> _YOUR GOAL_: Below are records to be repeated exactly. Leave their pictures behind.

START PROVIDED RECORDS

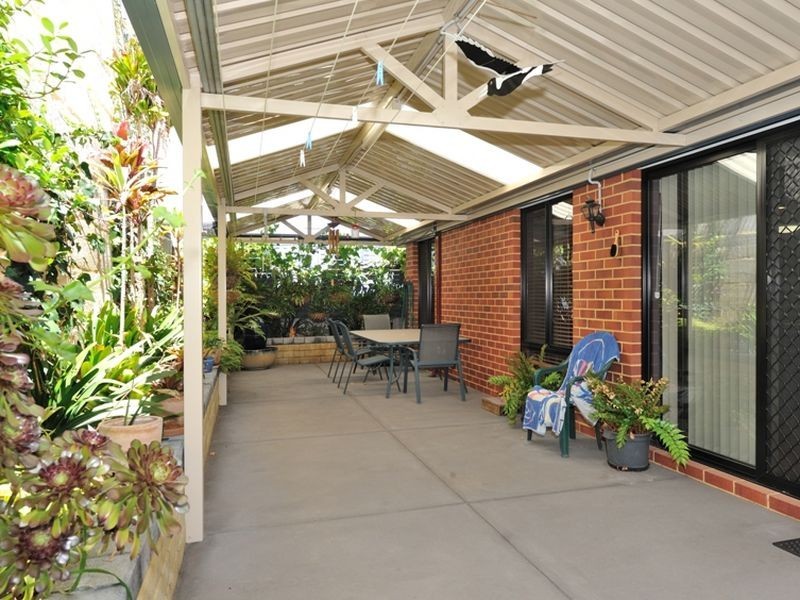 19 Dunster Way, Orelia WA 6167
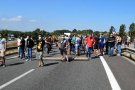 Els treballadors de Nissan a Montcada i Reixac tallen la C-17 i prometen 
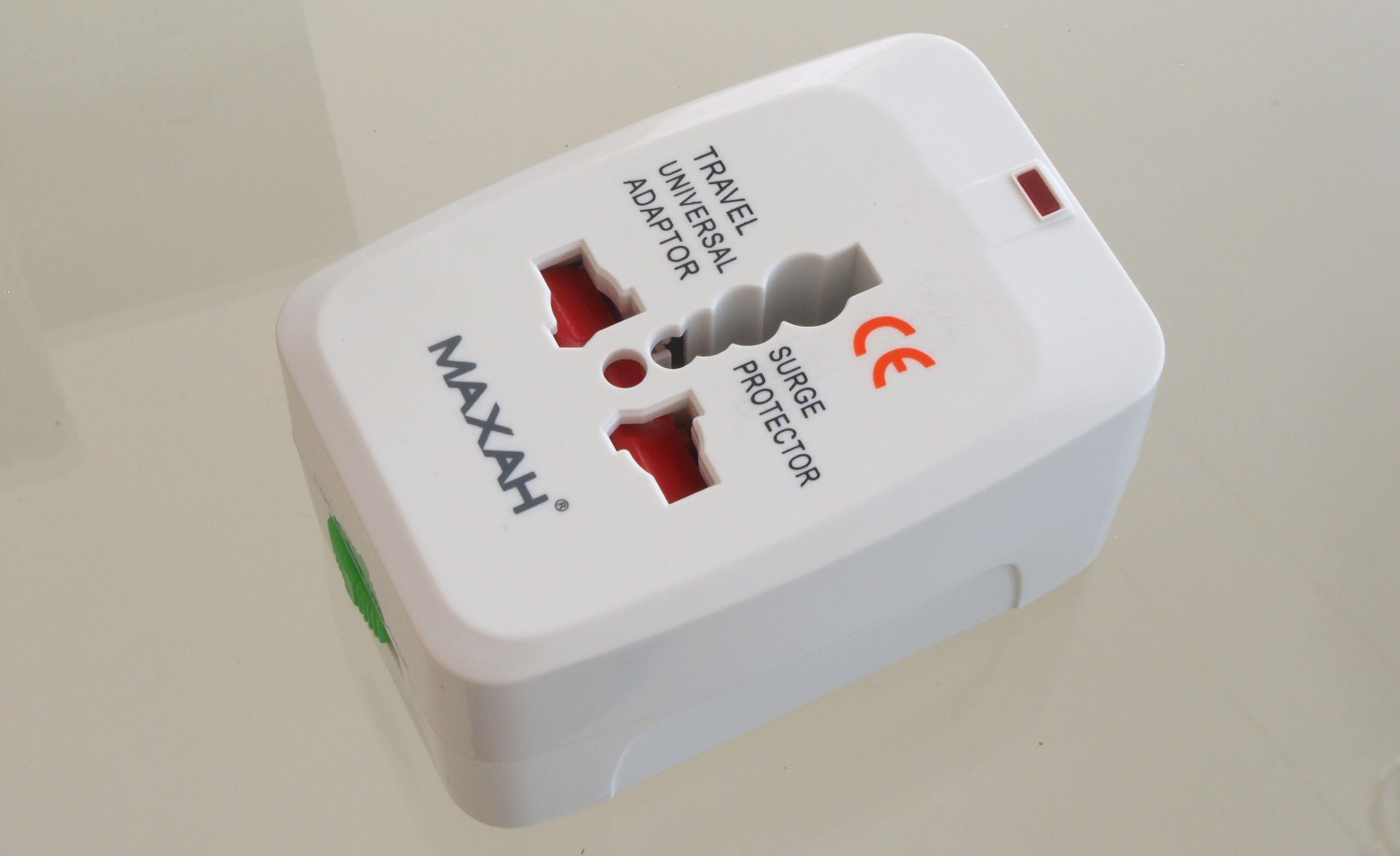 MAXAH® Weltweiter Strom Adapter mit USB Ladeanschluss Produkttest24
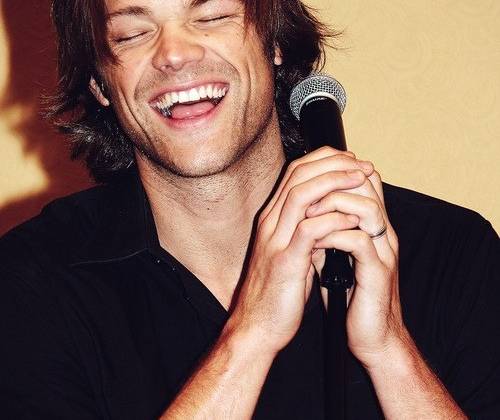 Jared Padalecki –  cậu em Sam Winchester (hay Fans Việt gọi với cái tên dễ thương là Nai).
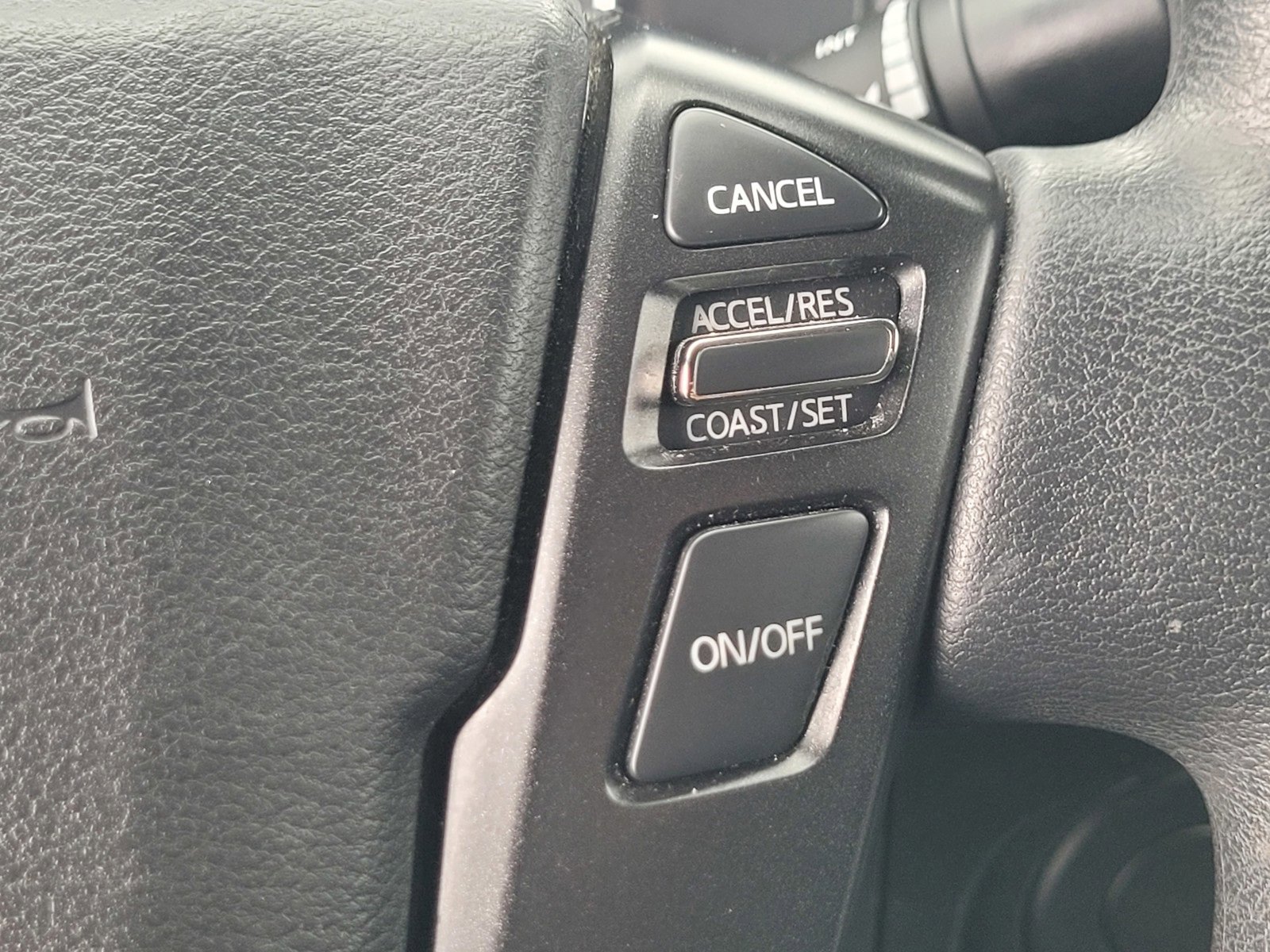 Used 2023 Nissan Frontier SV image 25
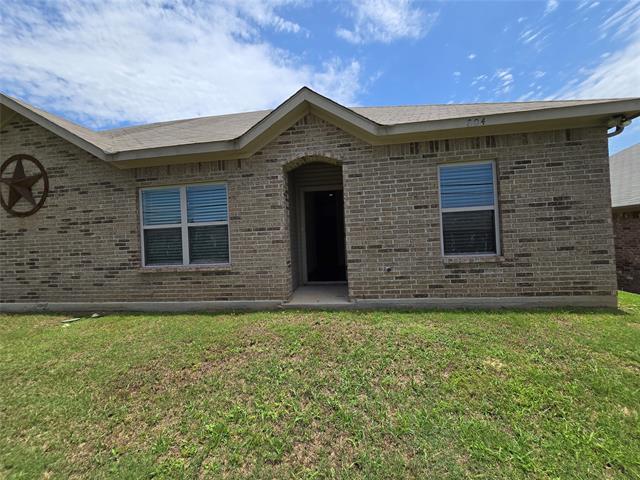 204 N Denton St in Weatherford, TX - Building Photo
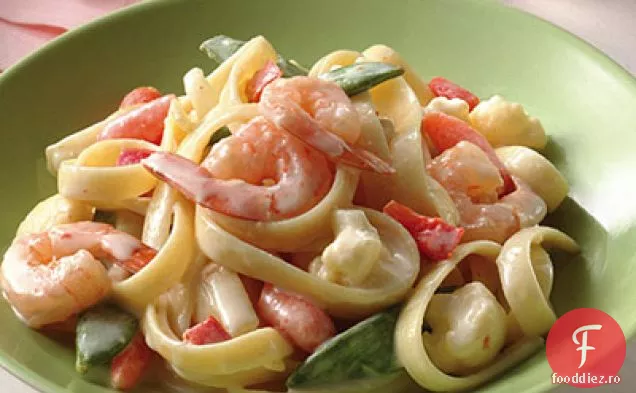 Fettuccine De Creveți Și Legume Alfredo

END PROVIDED RECORDS

> _RESPONSE_:
 19 Dunster Way, Orelia WA 6167
 Els treballadors de Nissan a Montcada i Reixac tallen la C-17 i prometen 
 MAXAH® Weltweiter Strom Adapter mit USB Ladeanschluss Produkttest24
 Jared Padalecki –  cậu em Sam Winchester (hay Fans Việt gọi với cái tên dễ thương là Nai).
 Used 2023 Nissan Frontier SV image 25
 204 N Denton St in Weatherford, TX - Building Photo
 Fettuccine De Creveți Și Legume Alfredo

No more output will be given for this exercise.